A gynecologist from Florida says he's finally located the semi-mythical G-spot, an erogenous zone on the front wall of the vagina.
It was first 'discovered' by German doctor Ernst Grafenberg back in 1950, but has proved elusive ever since.
Now, though, Dr Adam Ostrzenski of the Institute of Gynecology in St Petersburg says he's found it during the dissection of an 83-year-old woman, and chopped it out for a closer look.
"The dissection established the presence of the G-spot, a well-delineated sac structure located on the dorsal (back) perineal membrane, 16.5 mm from the upper part of the urethral meatus, creating a 35 degree angle with the lateral (side) border of the urethra," he reports (just love that sexy talk, don't you?).
"Having 3 distinct regions, the G-spot emerged with dimensions of length of 8.1 mm x width 3.6 mm to 1.5 mm x height 0.4 mm.
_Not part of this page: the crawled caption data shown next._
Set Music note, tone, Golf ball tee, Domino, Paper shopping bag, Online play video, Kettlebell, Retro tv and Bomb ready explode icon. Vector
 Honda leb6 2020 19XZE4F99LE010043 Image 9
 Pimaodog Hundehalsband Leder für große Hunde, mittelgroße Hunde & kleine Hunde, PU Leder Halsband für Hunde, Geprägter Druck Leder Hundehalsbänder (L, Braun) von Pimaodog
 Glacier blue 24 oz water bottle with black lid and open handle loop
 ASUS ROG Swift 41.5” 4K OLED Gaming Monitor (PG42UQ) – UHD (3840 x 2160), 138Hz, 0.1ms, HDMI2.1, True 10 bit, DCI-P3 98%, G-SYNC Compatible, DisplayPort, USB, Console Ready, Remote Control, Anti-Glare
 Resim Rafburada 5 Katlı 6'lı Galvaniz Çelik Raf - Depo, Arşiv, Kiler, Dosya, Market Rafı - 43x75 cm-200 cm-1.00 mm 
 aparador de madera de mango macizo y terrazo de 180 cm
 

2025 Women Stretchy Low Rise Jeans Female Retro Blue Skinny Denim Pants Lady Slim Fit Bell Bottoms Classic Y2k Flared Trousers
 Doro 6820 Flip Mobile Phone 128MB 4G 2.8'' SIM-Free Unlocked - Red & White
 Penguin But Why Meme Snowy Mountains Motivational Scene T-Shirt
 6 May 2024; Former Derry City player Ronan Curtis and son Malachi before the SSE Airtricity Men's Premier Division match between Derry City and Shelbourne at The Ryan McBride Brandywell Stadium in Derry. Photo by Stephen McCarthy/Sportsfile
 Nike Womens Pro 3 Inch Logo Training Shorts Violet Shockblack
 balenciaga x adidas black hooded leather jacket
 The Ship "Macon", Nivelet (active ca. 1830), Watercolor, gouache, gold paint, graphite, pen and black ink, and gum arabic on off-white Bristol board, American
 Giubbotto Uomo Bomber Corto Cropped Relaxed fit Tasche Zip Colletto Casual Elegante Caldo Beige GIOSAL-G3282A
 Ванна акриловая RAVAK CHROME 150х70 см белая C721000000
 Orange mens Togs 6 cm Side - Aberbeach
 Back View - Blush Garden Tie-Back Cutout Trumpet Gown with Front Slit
Upon removal of the entire structure with the adjacent margin tissues, the G-spot stretched from 8.1 to 33 mm."
Other investigations, though, have failed to find anything of the sort. Just a couple of months ago, researchers from the Yale-New Haven Hospital in Connecticut had a good rummage about and found that the evidence was inconclusive at best.
And a survey of hundreds of women twins who - purely in the spirit of scientific endeavor, you understand - attempted to find it for themselves found no evidence at all.
Ostrzenski thinks his discovery will 'lead to a better understanding and improvement of female sexual function'. We think people shouldn't run until they can walk.